Tenía que encontrar esos ojos. Albergaban todas las respuestas.
Cuarenta minutos después alcancé las puertas en forma de arco del cementerio de Coldwater. La brisa arrancaba las hojas de las ramas: parecían oscuros molinetes. Encontré la tumba de mi padre sin dificultad. Tiritando bajo el frío húmedo, me abrí paso hasta la lápida plana donde todo había comenzado.
Me acurruqué y recorrí el desgastado mármol con el dedo. Cerré los ojos, bloqueé los sonidos nocturnos y me concentré en encontrar los ojos negros. Les lancé mis preguntas, con la esperanza de que me oyeran. ¿Cómo había llegado a dormir en un cementerio tras once semanas de cautiverio?
Miré en derredor, lentamente. El aroma a descomposición del otoño próximo, la fragancia intensa de la hierba cortada, el palpitar de las alas de los insectos… nada de ello provocó la respuesta que ansiaba desesperadamente. Me tragué el nudo en la garganta, esforzándome por no sentirme derrotada. El color negro, que me había perseguido días enteros, me falló. Metí las manos en los bolsillos de los tejanos y me dispuse a abandonar el cementerio.
Por el rabillo del ojo, vi una mancha en la hierba. Recogí una pluma negra, tan larga como mi brazo, desde el hombro hasta la muñeca. Fruncí el entrecejo y traté de imaginar el ave a la que pertenecía. Era demasiado larga para ser de un cuervo, demasiado grande para ser de cualquier ave, según mi opinión. La recorrí con el dedo y cada uno de los satinados segmentos volvió a su lugar.
Un recuerdo se agitó en mi cabeza. «Ángel —me pareció oír que susurraba una voz suave—. Eres mía».

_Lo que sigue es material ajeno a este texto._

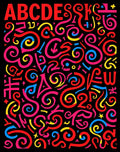Playful Alphabet Swirls Colorful Rug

«¡Qué cosa más absurda!», pensé, ruborizándome. Miré en torno, sólo para comprobar que la voz no era real.
«No te he olvidado».
Me puse tensa, esperando volver a oír la voz, pero se había desvanecido en el viento y todos los recuerdos que provocó desaparecieron antes de que lograra atraparlos. Me debatí entre arrojar la pluma a un lado y el impulso desesperado de enterrarla donde nadie pudiera encontrarla. Tenía la sensación de haber tropezado con algo secreto, algo privado, algo que, de ser descubierto, podía causar mucho daño.
Un coche se detuvo en el parking situado en la colina junto al cementerio, del interior surgía música a todo volumen. Oí gritos y risotadas, y no me hubiera sorprendido que fueran mis compañeros de instituto. En esta parte de la ciudad alejada del centro había muchos árboles y era un buen lugar para estar por ahí con los amigos las noches de los fines de semana sin que nadie te vigilara. Como no tenía ganas de tropezar con ningún conocido, sobre todo desde que mi repentina reaparición figuraba en todos los noticieros del lugar, me metí la pluma bajo el brazo y me apresuré a recorrer el sendero de grava que daba a la carretera principal.
Poco después de las dos de la madrugada, entré en la granja y, tras cerrar con llave, subí las escaleras de puntillas. Durante unos minutos, permanecí de pie en medio de mi habitación y después escondí la pluma en el cajón central del tocador, donde también guardaba mis calcetines, leggings y pañuelos. En ese momento, ni siquiera sabía por qué me la había llevado a casa. Yo no suelo coleccionar basura, por no hablar de guardarla en mis cajones. Pero la pluma había provocado un recuerdo…
Me desvestí, bostecé y me dirigí a la cama, pero me detuve a medio camino: encima de la almohada había una hoja de papel, algo que no estaba allí cuando me marché.
Me volví, suponiendo que mi madre estaría en el umbral, enfadada y preocupada porque me había escabullido. Pero después de todo lo ocurrido, ¿cómo iba a pensar que ella se limitaría a dejar una nota tras encontrar la cama vacía?
Recogí el papel con manos temblorosas. Era una hoja rayada de cuaderno, como los que usábamos en el instituto. El mensaje parecía escrito apresuradamente con rotulador negro.
«Sólo por que estás en casa no significa que estés a salvo».